I skimped on making homemade whipped cream to go with the almost nightly pudding, so our ready-made whipped cream purchases were nothing short of astonishing. (Note: Whipped cream is not required.)
I found the incredibly easy, egg-free pudding recipe in a great little cookbook I grabbed from a dollar-bookstore bin around the time I graduated from college, “365 Great 20-Minute Recipes” by Beverly Cox.
She’s a former food editor at Cook’s magazine whose fantastic cookbook did not deserve to be in the dollar bin. Basically, this book taught me to cook after college.

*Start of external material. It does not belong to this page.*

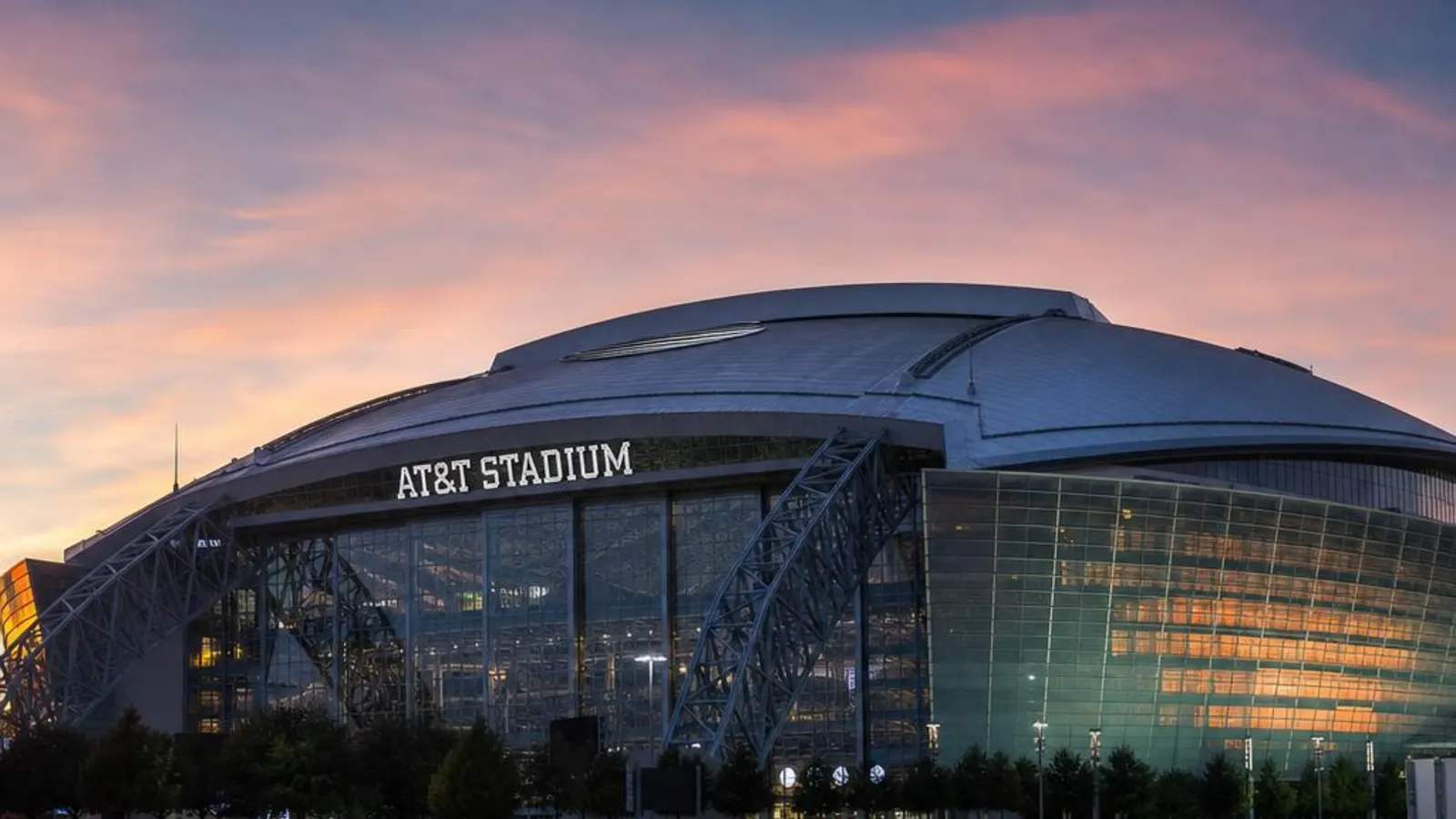 Modern sports stadium in Arlington, Texas at dusk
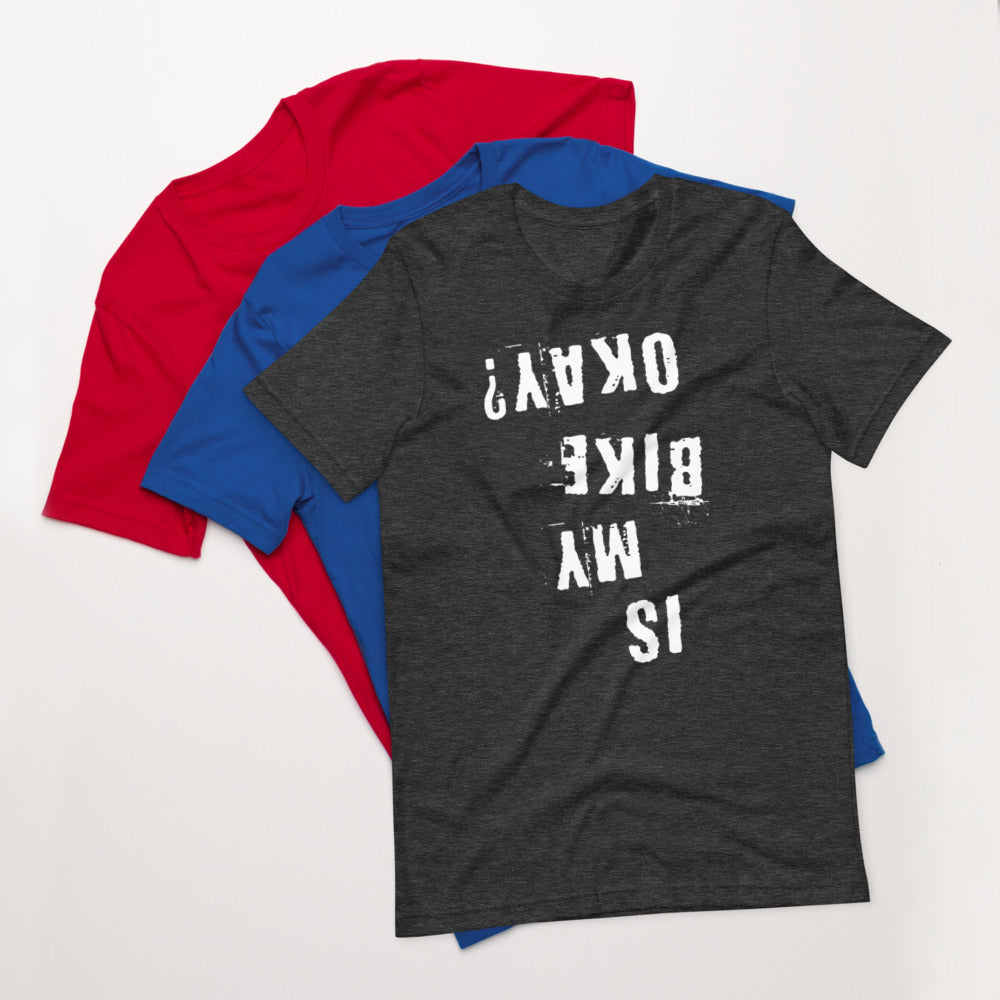 Stack of three tees—red, blue, and InkBird Print Studio’s “Is My Bike Okay?” shirt with white distressed upside-down text.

And now, that simple but delicious stovetop pudding recipe is teaching my sons to cook. They’ve helped me measure out ingredients for years and now when they want pudding more than I want to head into the kitchen, they take over.
I can’t share the exact recipe here due to copyright. But here is a version of the recipe almost identical to the one I learned from Cox’s book: just a basic mix of sugar, cocoa powder (any brand you favor), corn starch, milk, salt, butter and vanilla.
Recipe developed by Chelsea Wagner and available at allrecipes.com.
- ⅓ cup white sugar
- ⅓ cup unsweetened cocoa powder
- 3 tablespoons cornstarch
- ¼ teaspoon salt
- 2 ½ cups milk
- 1 ½ teaspoons vanilla extract
Sift and whisk sugar, cocoa powder, cornstarch, and salt together in a saucepan.
Heat saucepan over medium heat. Pour milk in slowly, whisking constantly until incorporated. Cook, stirring often with a metal spoon, until pudding is noticeably thicker and clings to the spoon, about 10 minutes.
Remove from heat and stir in vanilla extract. Divide between 4 small bowls and serve immediately, or chill in the refrigerator for at least 2 hours.
P.S. I recommend stirring in up to a tablespoon of butter once it’s done cooking. You can also double the sugar.